Stored data
=== Begin Enclosure ===

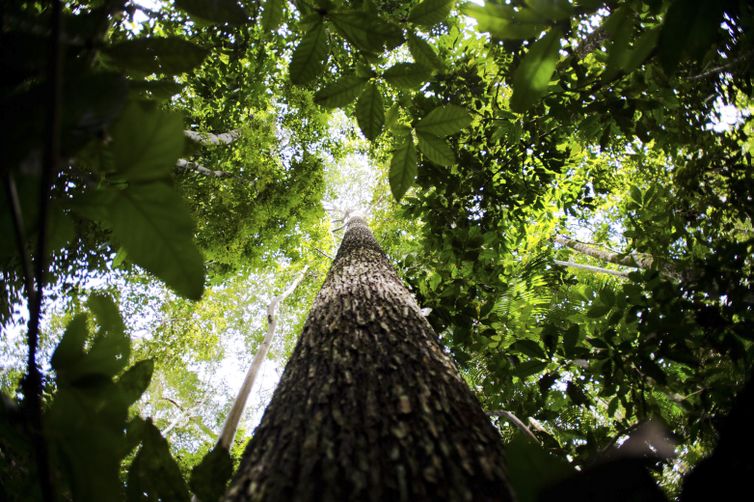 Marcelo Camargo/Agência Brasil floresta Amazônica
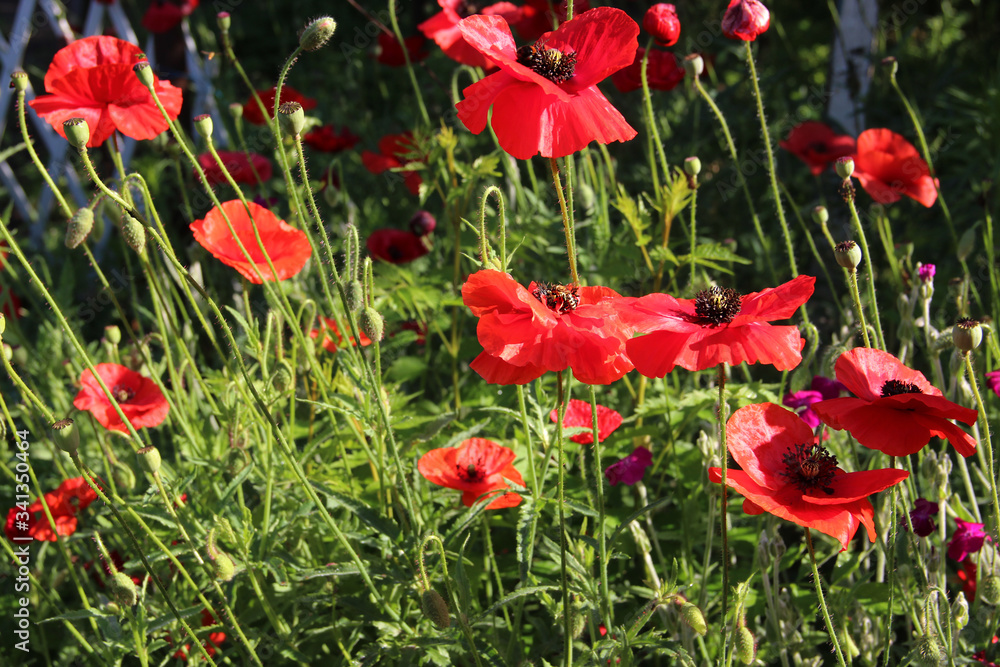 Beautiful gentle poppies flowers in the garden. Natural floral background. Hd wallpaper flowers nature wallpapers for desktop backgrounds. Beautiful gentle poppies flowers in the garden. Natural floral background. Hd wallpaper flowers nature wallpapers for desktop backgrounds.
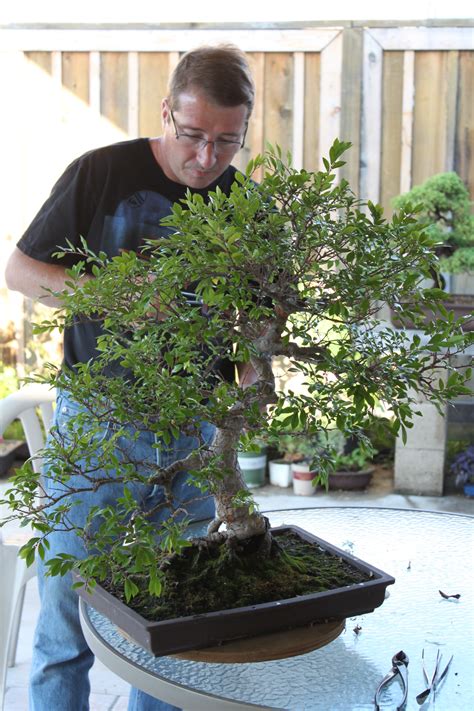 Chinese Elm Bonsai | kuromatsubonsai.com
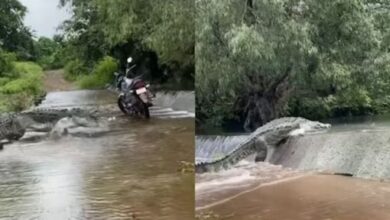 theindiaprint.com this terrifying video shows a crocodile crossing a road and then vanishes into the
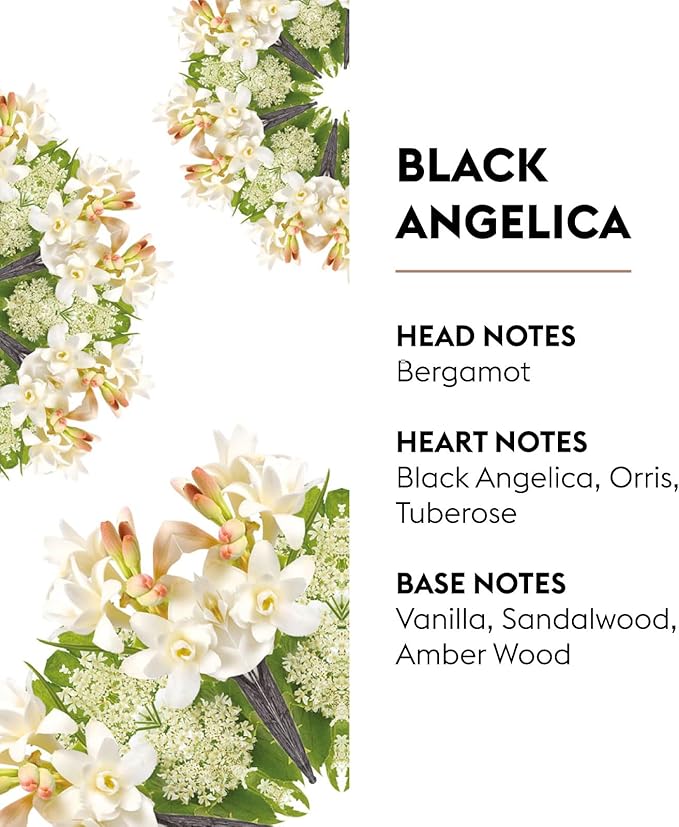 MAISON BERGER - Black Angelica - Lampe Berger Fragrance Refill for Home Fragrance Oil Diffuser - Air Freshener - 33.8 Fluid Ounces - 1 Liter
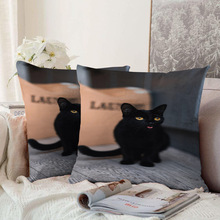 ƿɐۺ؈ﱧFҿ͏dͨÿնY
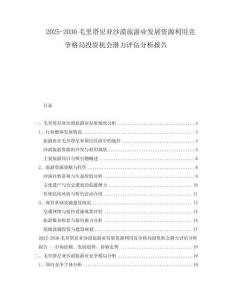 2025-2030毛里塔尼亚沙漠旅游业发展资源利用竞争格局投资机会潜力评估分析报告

=== End Enclosure ===

→ EXERCISE DESCRIPTION
All lines from the one containing "desktop backgrounds. Beautiful" to the end of the entries should appear in the output exactly as written, with no pictures.

→ RESULT OF THE TASK
 Beautiful gentle poppies flowers in the garden. Natural floral background. Hd wallpaper flowers nature wallpapers for desktop backgrounds. Beautiful gentle poppies flowers in the garden. Natural floral background. Hd wallpaper flowers nature wallpapers for desktop backgrounds.
 Chinese Elm Bonsai | kuromatsubonsai.com
 theindiaprint.com this terrifying video shows a crocodile crossing a road and then vanishes into the
 MAISON BERGER - Black Angelica - Lampe Berger Fragrance Refill for Home Fragrance Oil Diffuser - Air Freshener - 33.8 Fluid Ounces - 1 Liter
 ƿɐۺ؈ﱧFҿ͏dͨÿնY
 2025-2030毛里塔尼亚沙漠旅游业发展资源利用竞争格局投资机会潜力评估分析报告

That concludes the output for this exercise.